Examination of the structural data between 2000 and the last release of the Cambridge Structural Database (2006) revealed the existence of three new hydronium cations not previously known, plus a few other ones whose stereochemistry was already documented, even if the exact geometrical details were somewhat different from those previously described.

1 Introduction

In 2005, a report appeared [1] which described the discovery of a rather unexpected species, namely, a cyclic hydronium cation of composition and charge H₁₄O₆⁺². At the time, neither the existence of cyclic cations nor the fact that they could bear charges other than +1 was expected or suspected.

In 2006, a review was published [2] describing the stereochemistry of all the hydronium cations present in the Cambridge Structural Database (CSD).¹ These were divided into acyclic and cyclic examples and, surprisingly enough, many were buried in that base but not noted by the authors of those studies, probably because there was no suspicion they could exist. Moreover, the graphics available in most cases were fairly clumsy. It requires, even now, a good deal of determination and hard work to discern their existence in crystal lattices, because, most of the time, the complete cluster is evident only by looking at the 3-D lattices in fairly arbitrary directions – as opposed to simple (001), (010), etc. projections.

In 2007, a report was published [3] announcing the discovery of a species with composition and charge of H₁₈O₈⁺². In the discussions in Refs. [2,3] the suggestion was made that all the esoteric species newly described were the result of Nature acting as a skillful crystal engineer, providing clever traps to stabilize otherwise unstable species. Moreover, it was remarked [2,3] that the solution concentrations of something such as H₁₄O₆⁺² or H₁₈O₈⁺² must be incredibly low. Therefore, the traps must be extremely efficient in order to filter out such minute quantities of those hydronium cations.

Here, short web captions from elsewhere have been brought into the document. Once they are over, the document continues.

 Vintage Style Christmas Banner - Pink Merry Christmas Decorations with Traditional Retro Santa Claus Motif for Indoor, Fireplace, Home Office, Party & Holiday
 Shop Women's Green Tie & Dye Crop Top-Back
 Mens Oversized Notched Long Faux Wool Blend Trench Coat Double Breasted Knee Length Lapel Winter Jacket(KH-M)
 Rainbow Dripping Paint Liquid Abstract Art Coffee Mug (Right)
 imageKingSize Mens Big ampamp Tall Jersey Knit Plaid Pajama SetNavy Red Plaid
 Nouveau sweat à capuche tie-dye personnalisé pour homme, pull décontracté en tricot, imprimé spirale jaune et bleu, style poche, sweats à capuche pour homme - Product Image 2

In order to test the theory of stabilization, of unstable hydronium cations, by crystal engineering traps cleverly devised by Nature, we decided to study the stability of these species by three different types of theoretical calculations, described in Ref. [4]. These calculations were carried out using two different criteria

(a) using the crystallographic coordinates found experimentally, what is the energy of a given molecule? As observed, are they stable or not?
(b) allow the geometry of the molecule to vary so as to minimize energy. Is the resulting species stable or not?
(c) given the fact that we found two totally different geometrical isomers of the same composition, namely, H₁₄O₆⁺², is it possible to predict which is the more stable of the two? For details, the reader is referred to the paper in PNAS [4]. Briefly, those examined are stable either in the crystalline lattices where they were trapped, as well as isolated in a vacuum. (See Ref. [2] p. 1460 for discussion.)

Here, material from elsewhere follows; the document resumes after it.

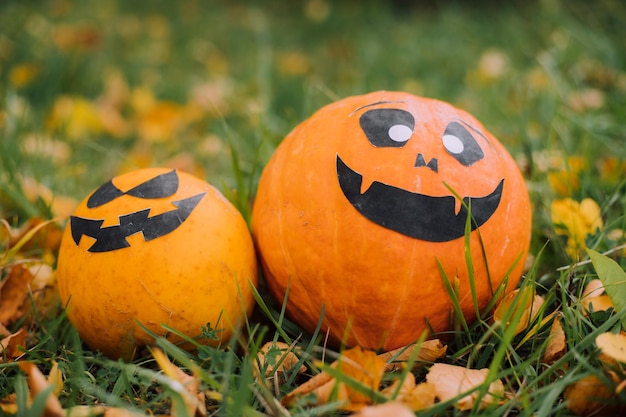 La zucca di Halloween di Jackie è sdraiata sull'erba Un articolo su Halloween Una zucca arancione con una faccia Halloween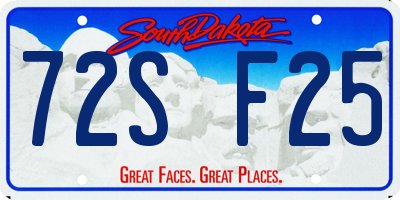 SD license plate 72SF25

Given this background, it seemed desirable to continue a search for additional examples of hydronium cations, which may be of novel new classes. That is what this report deals with.

2 The search for new hydronium cations

The search was carried out in October of 2007, using the current release of CSD,¹ but limited to the years 2000–2006. There were 19 entries in the search, of which most were defective (see criteria for accepting an entry in Ref. [2]) or were known specimens of hydronium cations (see Fig. 1 and Ref. [5] where JEDYAT² is displayed). JEDYAT is hydroxonium bis(N-(4-methyl-2-pyridyl)aminomethane-1,1-diphosphonic acid) chloride trihydrate, [(C₇H₁₂N₂O₆P₂)₂(H₃O⁺)]Cl·3(H₂O). Note that the authors describe the hydronium cation as having composition H₃O⁺.

3 New hydronium cations

The first new species discovered is BEXFEQ [6], which is shown in Fig. 2. BEXFEQ is dicesium hydroxonium bis(μ₂-1,3-diamino-2-propanolato-N,N,N′,N′-tetraacetato)-di-zirconium(IV)chloride tetrahydrate, (Cs⁺)₂(H₅O₂⁺)[C₂₂H₂₆N₄O₁₈Zr₂]₂Cl·4(H₂O). Note that the hydronium cation is formulated as H₅O₂⁺.

Fig. 2
BEXFEQ is an acyclic cation of composition H₁₁O₅⁺. O22 is the H₃O⁺ fragment of the cation, which is highly asymmetric, having one hydrogen-bonded water at one end (H₃O⁺ is the proton donor on both sides of the chain). At the other end is a fragment of three hydrogen-bonded waters. Hydronium cations of this composition had never been reported previously – see next, IYEPEH. For interpretation of the references to color in this figure legend, the reader is referred to the web version of this article.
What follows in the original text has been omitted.